*Problem details*
Leave out the pictures and set down the rest of the listing below word for word.

──────── Source material ────────

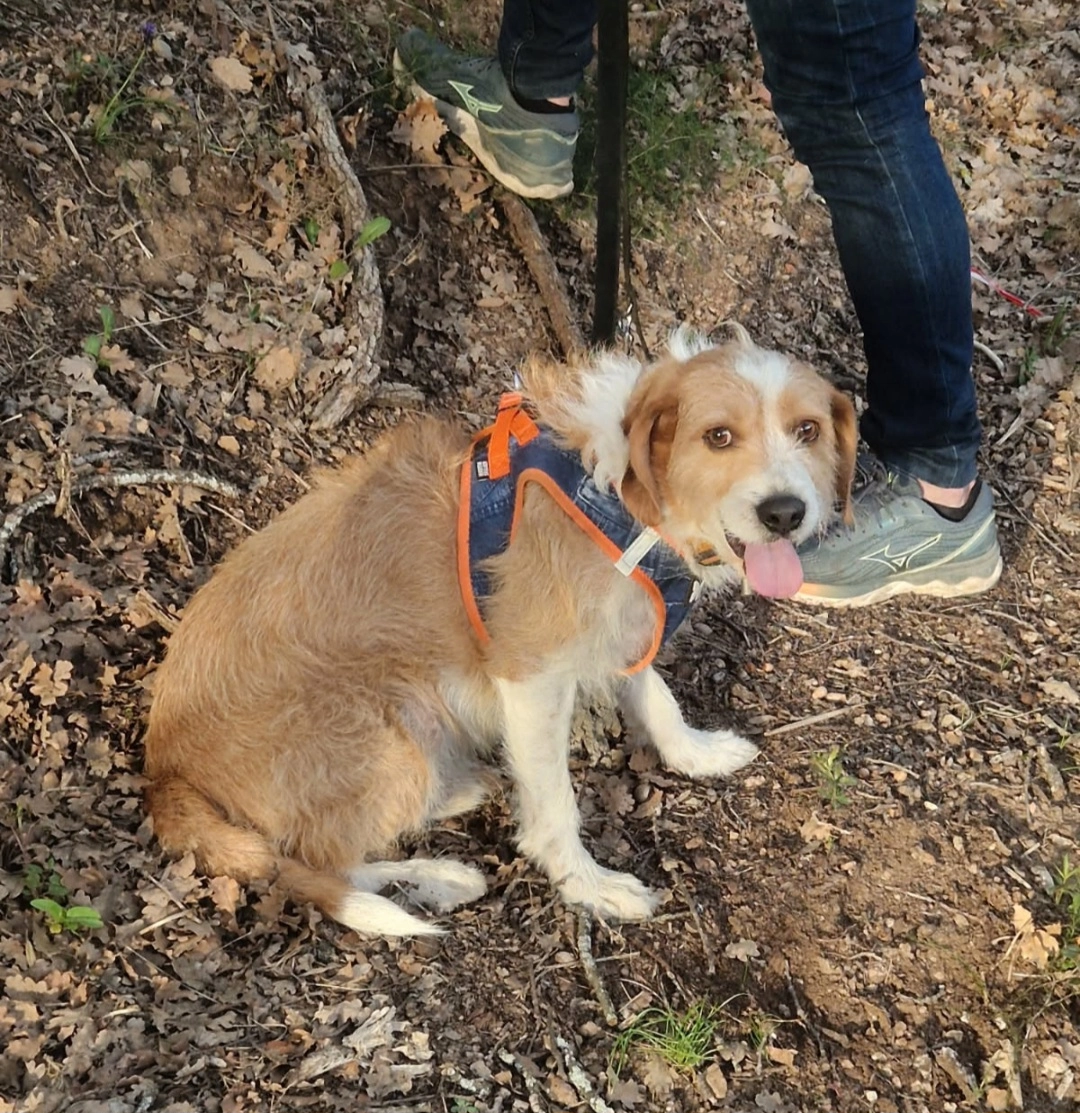 Cowboy  - Impasse de l'École Vieille, La Roquette-sur-Siagne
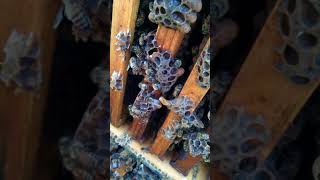 Honeybee Swarm Control [upl. by Assilem]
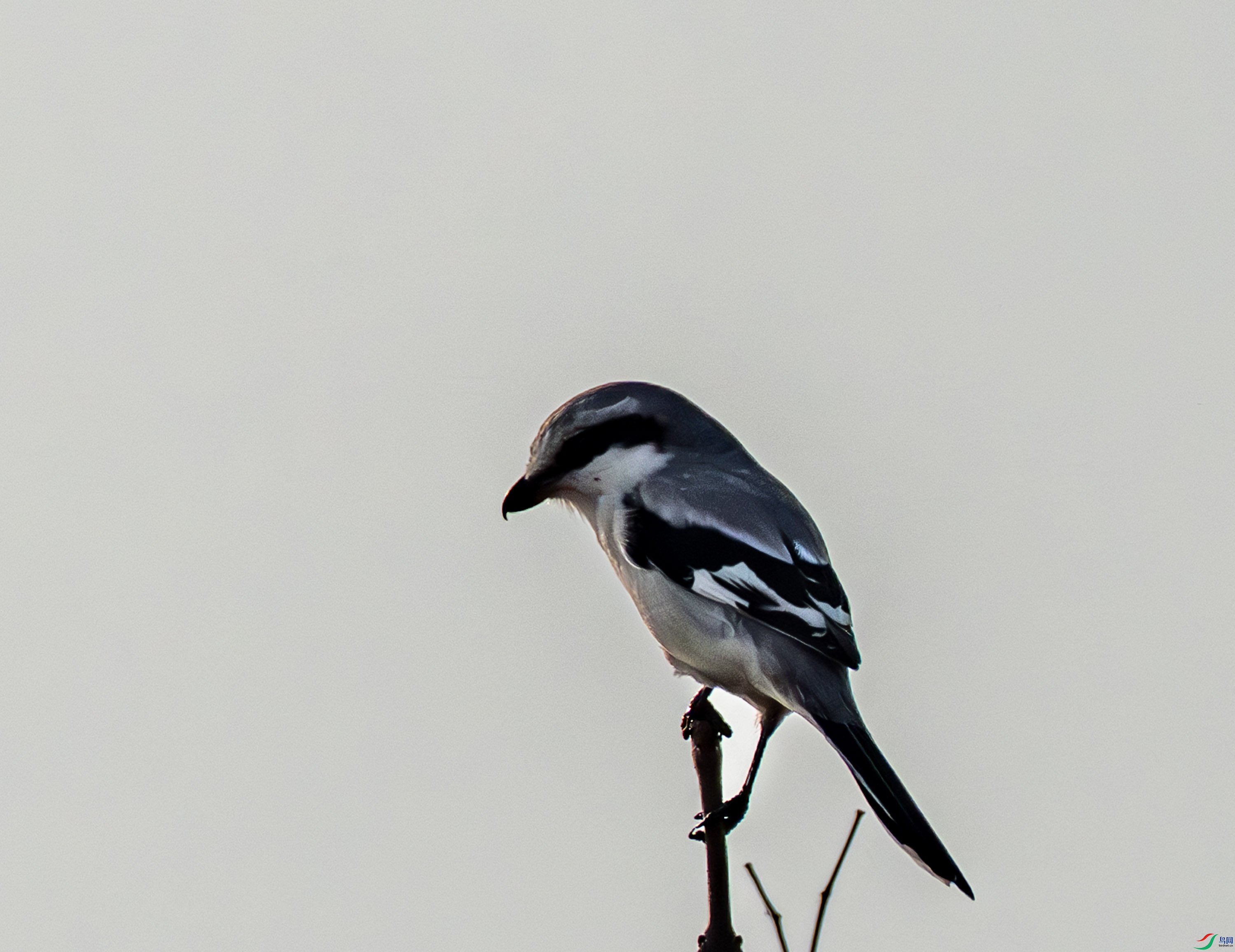 ��β����-01-7.jpg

────────

*Answer below*
 Cowboy  - Impasse de l'École Vieille, La Roquette-sur-Siagne
 Honeybee Swarm Control [upl. by Assilem]
 ��β����-01-7.jpg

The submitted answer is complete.